If you’d like to read his book, leave a comment here about your view of eating responsibly and I’ll pick a winner at random by April 5, 2010.

Contest rules: You must live in the US. One entry per person. I will pick a winner at random and email that person. If the winner does not respond within a week, I will choose someone else.

Update: The winner is Candace of Epiphany Press.


  1. says

    Oddly enough my blog, 100 Miles, is about trying to eat & live locally but it’s more about deriving pleasure from eating stuff I buy at farmers markets or pick in gardens and fields then about the politics of food. And I’m always open to other ideas & opinions.

  2. says

    Took a quick look at the editorial. It doesn’t sound like he’s anti-locavore, but is trying to find a way of determining the actual carbon footprint of the food we eat — and sometimes the food grown locally *might* have a larger carbon footprint than the stuff that’s shipped in. In the Bay Area, I’m guessing that the local food will usually be the better environmental choice. In NJ, however, where I am visiting at the moment . . .

  3. says

    My basic philosophy is to eat not what’s labeled as organic, nor within a certain number of miles, but food that can be traced to sustainable sources. I do my best to purchase ingredients directly from farmers who use biodiverse, low chemical, and humane practices. I would love to read McWilliam’s viewpoint.

  4. says

    I don’t think I’ve ever deliberately purchased organic. I’d rather go local. I’d love to purchase from growers I know and trust, but I haven’t gotten that far yet…

  5. says

    Sorry this contest is only open to US residents–I’d love to read that book! (Well, I suppose I could BUY it. . . . ) 😉

  6. says

    As soon as Spring is here, our local farmer’s market opens and I have fresh food for the week. This year I’m planting a lot and hoping to document it in my new blog.

  7. says

    I would love to have my own garden and chicken coop – some day maybe I will. For now, I try to eat as local as I can. I’m looking into joining a CSA this summer.

  8. says

    Responsible eating is so relative. You can buy organic, free range, CSA, etc., but there are some people who do that without knowing the what it means. It’s most important to just be aware of where your food comes from and then make the decision. Farmers markets are the most fun because you can chat with the people who actually grew and harvested your eats.

  9. says

    It makes sense that reducing the carbon footprint of a certain food would be more complicated than simply counting food miles. The op-ed piece was written in 2007. Does his book contain more recent research than the New Zealand study?

  10. Rachel says

    I would love to read this. My views of food has changed a lot over the past couple of years. I think becoming a mother has had a lot to do with it. I think it is extremely important for us to eat REAL food and to support our local economy. I shop at farmer’s markets and produce stands and buy meat from farmers we know personally.


  11. says

    Sounds like a good read. I’m fortunate enough to live in chicago where there are plenty of markets and local producers around. we just joined a csa for the first time, so i’m excited about that too!!

  12. Candace says

    I must live a sheltered life, because I thought that the two main reasons consumers buy local is for the health benefits of eating flavorful, fresh produce and to support the local producers, especially those who are also producing the non-GMO, organic kind. Aren’t these producers doing all that they can to protect the environment, as well as our health?

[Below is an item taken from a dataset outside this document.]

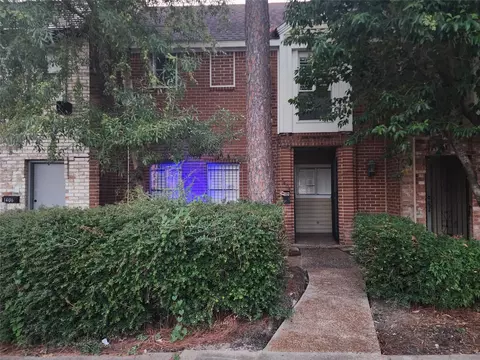 1404 Walnut Bend Ln #23, Houston, TX 77042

    Take strawberries, for instance. I grew up in the Pacific Northwest, my family grew strawberries and the strawberries there happen to be the best I’ve ever tasted. I’m sorry, but California strawberries just don’t compare. Unless they are organic, the soil on which they are produced has to be fumigated in order to kill the nematodes (small worms in the soil and feast on the berry plants). The plants are fertilized with chemical fertilizers so that they will produce large plants with lots of berries, and as the berries continue to grow and develop, they are periodically sprayed with fungicides in order to help extend their shelf life. That way, they can be shipped all over the United States guaranteeing that they will be firm and plump when they arrive at their destination. If I buy a California strawberry it has to be organic or I don’t buy it.

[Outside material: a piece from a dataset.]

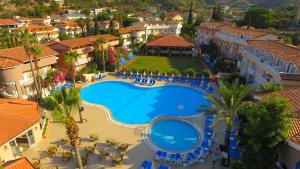 Het zwembad bij of vlak bij Ölüdeniz Turquoise Hotel - All Inclusive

    So, in a case like this, who is doing the most for their environment, the person who buys fresh, organic, hopefully local produce or the person who buys strawberries laced with chemicals that are shipped across the United States?

    • diannejacob says

      I’m with you, Candace. Only organic strawberries for me. Here’s a sample few sentences I found in his book about the limits of organic farming: “Organic growers are also allowed to use copper, sulfur, and copper sulfate as natral fungicides. Copper heavily accumulates in the soil, and it does not biodegrade. According to Julie Guthman, a geographer who writes extensively about California’s organic agriculture, ‘Sulfur is said to cause more worker injuries in California than any other agricultural input.’ Regarding copper sulfate, the English politician Lord Taverne calls it ‘the most poisonous fungicide there is.’

  13. says

    I actually learned how to eat well – eat responsibly – when I moved to France and married my Frenchman. Buying local, eating 3 balanced meals a day with something small at 10 and 4 and eating nothing after dinner hour. But I learned that there are 2 very important factors: eating slowly, taking ones time so you not only eat less but your body has the time to process the food. And the other is eating without guilt. Eat what you enjoy in balanced and reasonable quantities and you will find that you will be able to eat what you want but it will be less often and in reasonable amounts. And usually it will be better things.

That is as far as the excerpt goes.